This project contains the files used in the Black Hat "Don't @ Me: Hunting Twitter Bots at Scale" presentation to discover and aggregate a large sample of Twitter profile and tweet information.
Note: We're working on creating Docker containers to automate this setup - Stay tuned!
The data gathering is split into two scripts: collect.py
which collects accounts, and collect_tweets.py
which collects tweets from previously gathered accounts.
The first step is to install the requirements:
pip install -r requirements.txt
The next step is to create a Twitter application (detailed instructions coming soon!). After creating the application and generating an access token and secret, you can set the following environment variables:
export TWEEPY_CONSUMER_KEY="your_consumer_key"
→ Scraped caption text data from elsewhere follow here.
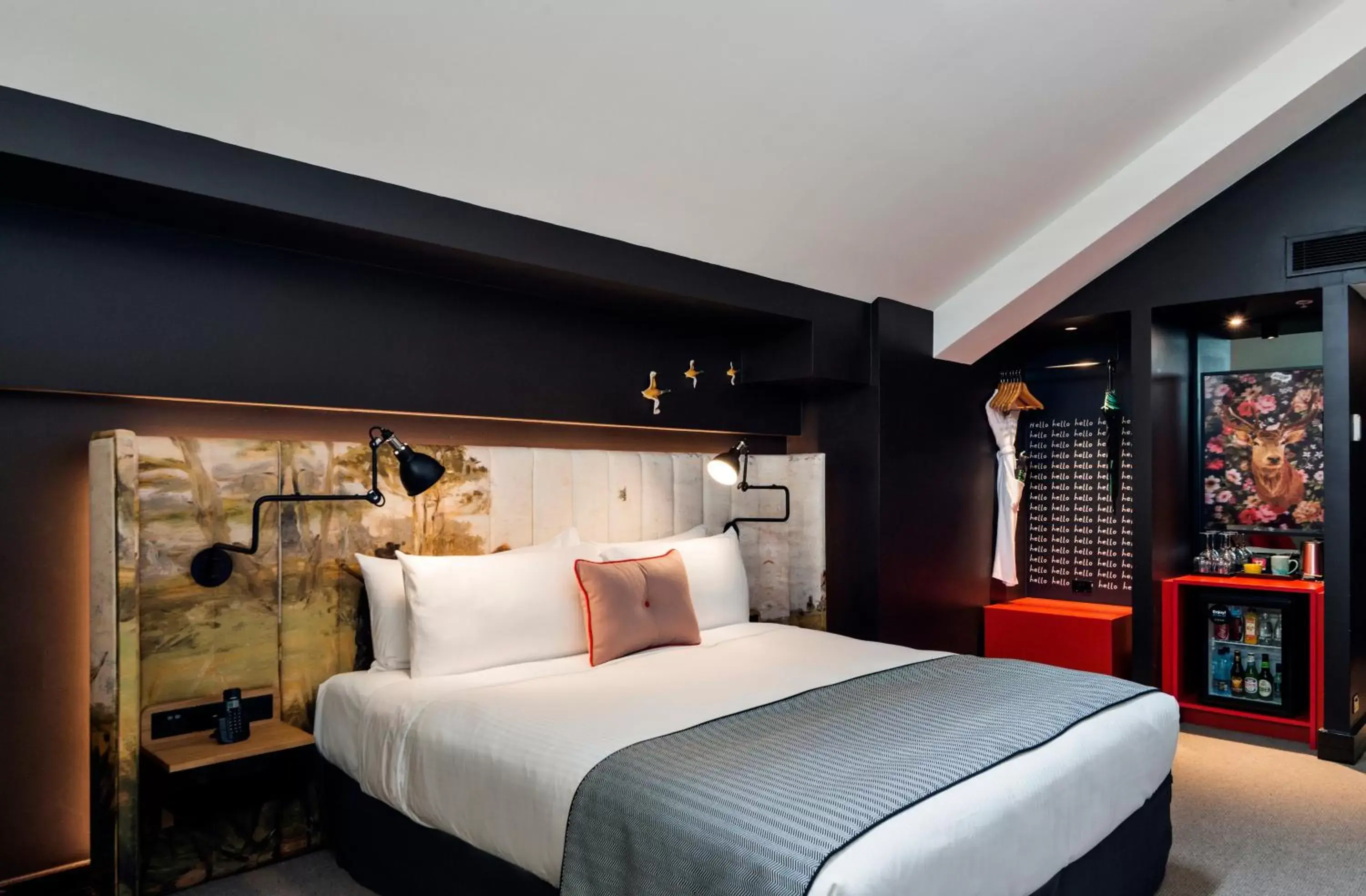 Photo of the whole room, Bed in Ovolo Woolloomooloo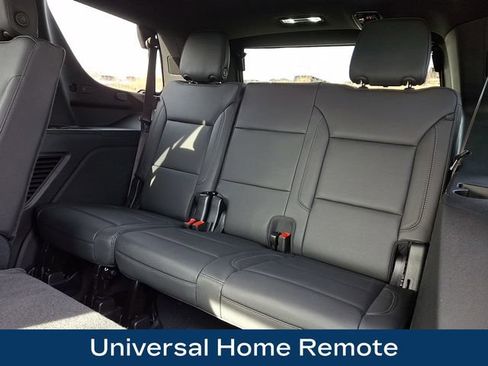 Used 2025 Chevrolet Tahoe Z71 image 15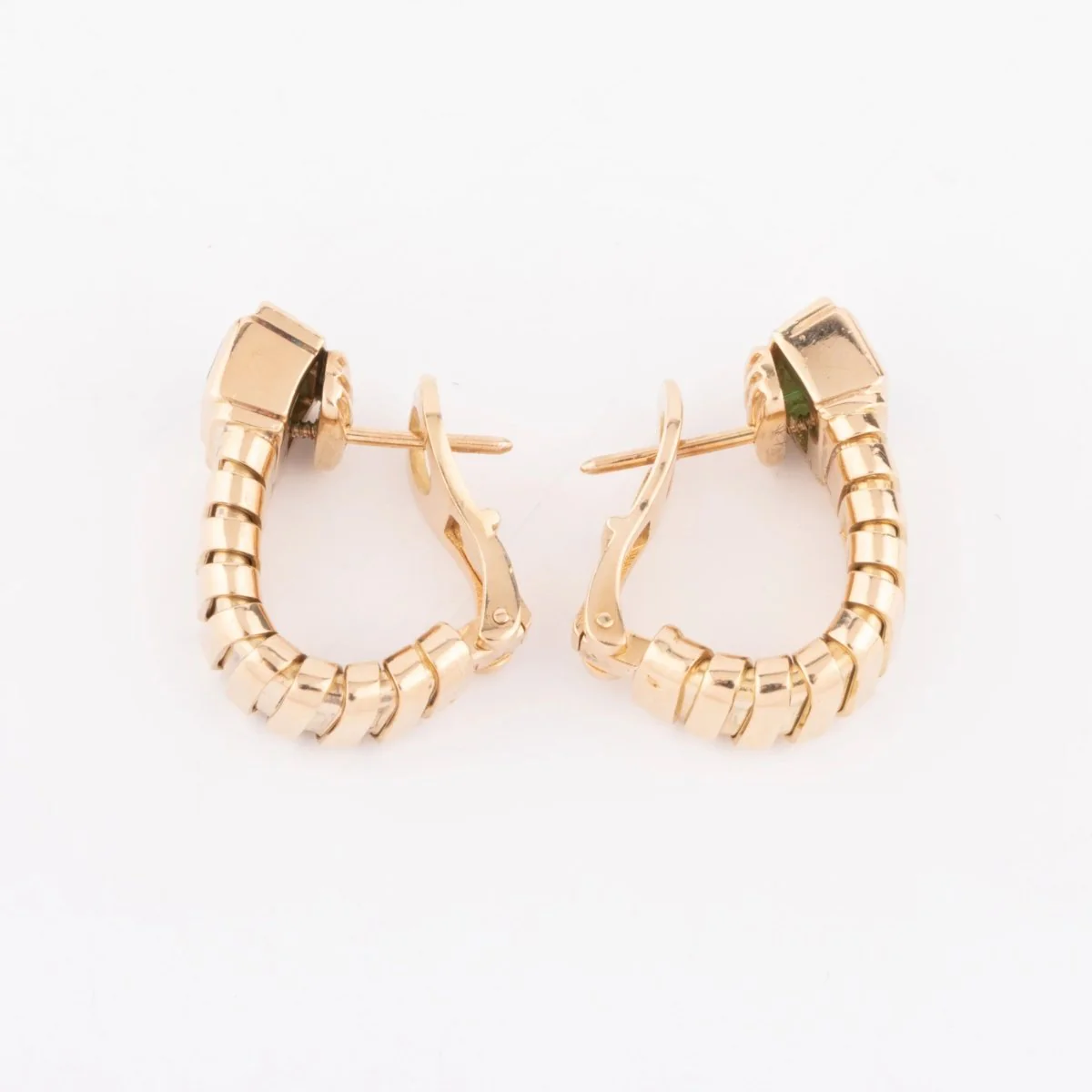Boucles d'oreilles de la maison Bvlgari en émeraudes sur or jaune - Image 4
export TWEEPY_CONSUMER_SECRET="your_consumer_secret"
export TWEEPY_ACCESS_TOKEN="your_access_token"
export TWEEPY_ACCESS_TOKEN_SECRET="your_access_token_secret"
Once these environment variables are set, you can set up the database. We encourage setting up an instance of MySQL for storing data. Once this is created, you can set the connection string as an environment variable:
export DB_PATH="path_to_mysql"
Finally, you'll want to set up a Redis instance for caching. After this is done, you're ready to start gathering data!
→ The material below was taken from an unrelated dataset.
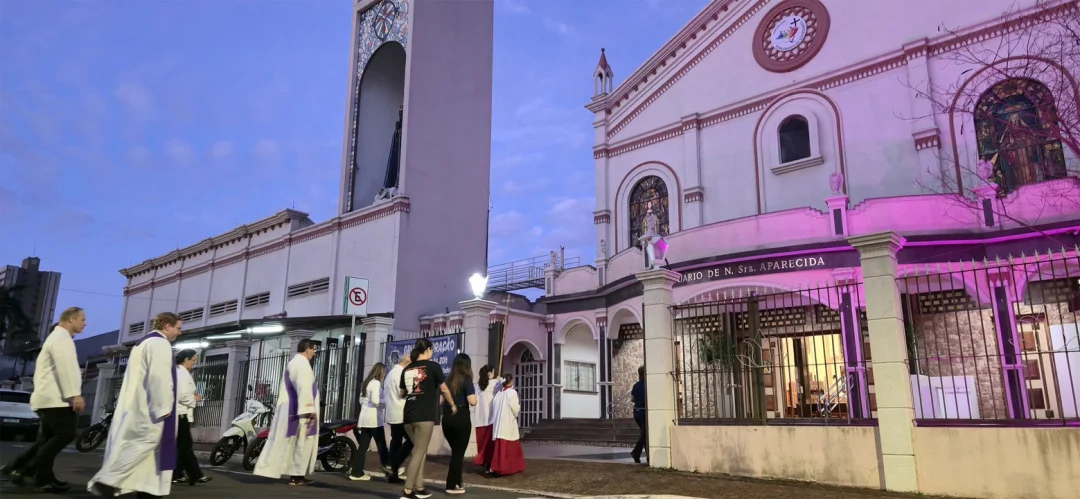 Procissão penitencial reúne fieis no Santuário de Londrina durante a Quaresma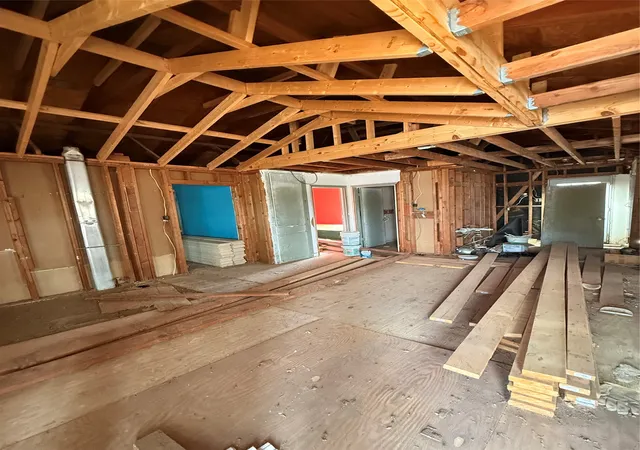 Photo 2 of Single family home for sale at 1808 Se 19th Street, Mineral Wells, TX 76067 | MLS# 21399938 | Listing updated on 2026-09-30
The code associated with feature extraction utilizes Spark and is written in Scala; therefore, you'll need to install both. Also, if you'd like to run this code outside of an IDE (e.g., IntelliJ or Eclipse), you'll also need to install sbt.
After that initial setup, you should be able to assemble a jar by merely running assembly
from the sbt interactive shell. The output will be twitter-bots.jar
.
The first iteration of the tool is designed to make it as easy as possible to control what types of account/tweet enumeration you want to do.
At a high level, there are two types of account enumeration:
-
enum
- This process takes--min-id
and--max-id
flags and looks up accounts in bulk using Twitter'susers/lookup
API endpoint. If you want a random sampling of accounts between the min and max ID's, you can set the--enum-percentage
flag. -
stream
- This process takes a--stream-query
parameter if you want to filter the Twitter stream by a keyword. If this isn't provided, the sample endpoint will be used.
This is the usage for the account collection script:
$ python collect.py -h
usage: collect.py [-h] [--max-id MAX_ID] [--min-id MIN_ID] [--db DB]
[--enum-percentage ENUM_PERCENTAGE] [--no-stream]
[--no-enum] [--stream-query STREAM_QUERY]
[--account-filename ACCOUNT_FILENAME] [--stdout]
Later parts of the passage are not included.